Не диво, стало быть, если писатель, который не боится признаться, что знавал вдохновение, и способен легко отличить его от пустой пены припадка, как и от избитого утешения "нужным словом", ищет яркий след этой услады в произведениях собратьев. Молния вдохновения поражает всегда одинаково: ты замечаешь отблеск ее в том или этом отрывке великого текста, будь то строки утонченной поэзии, или пассаж Джойса либо Толстого, или фраза в рассказе, или прилив гениальности в работе натуралиста, литературоведа -- даже в статье рецензента. Естественно, я имею в виду не всем нам знакомых безнадежных бумагомарак, но своеобразных творцов-художников, таких как Триллинг (*1) (чьи критические воззрения мне безразличны) или Тербер (*2) (например, в "Голосах революции": "Искусство не спешит на баррикады").

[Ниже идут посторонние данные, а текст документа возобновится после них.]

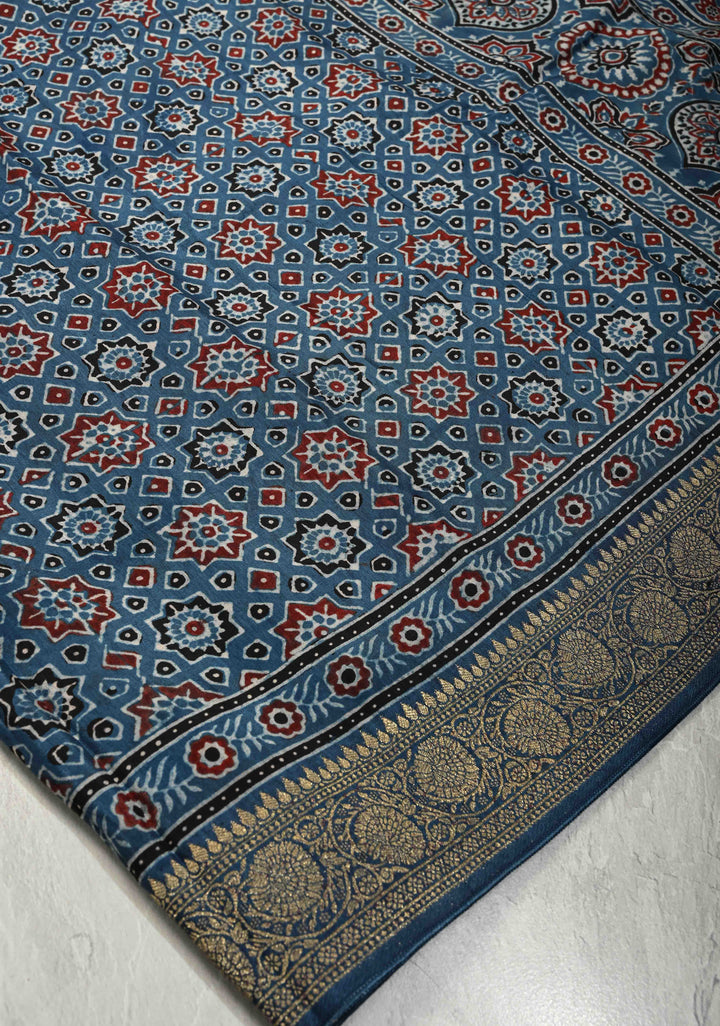 Blue Ajrakh Hand Block Print on Dola Silk Saree with Fancy Zari Border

В последние годы множество издателей имеют удовольствие присылать мне свои антологии -- в сущности, это возвращающиеся домой почтовые голуби, ибо каждая содержит образчик творчества их получателя. Из тридцати с чем-то сборников одни щеголяют претенциозными ярлыками ("Предания нашего времени" или "Мотивы и мишени"), другие представляются более сдержанно ("Великие рассказы"), а уведомления на их обложках обещают читателю встречу со сборщиками клюквы и простыми работягами; но почти в каждом из них присутствует по меньшей мере два-три первоклассных рассказа.
Старость осмотрительна, но забывчива, и, чтобы не затягивать выбор того, что можно бы перечитать в ночь орфической жажды, а что отвергнуть навек, я старательно выставляю против того или иного участника антологии пятерки, тройки и двойки с минусом. Обилие высших оценок всякий раз укрепляет мою счастливую веру в то, что в наше время (последние, скажем, пятьдесят лет) величайшие рассказы пишутся не в Англии, не в России и, уж конечно, не во Франции, но в нашей стране.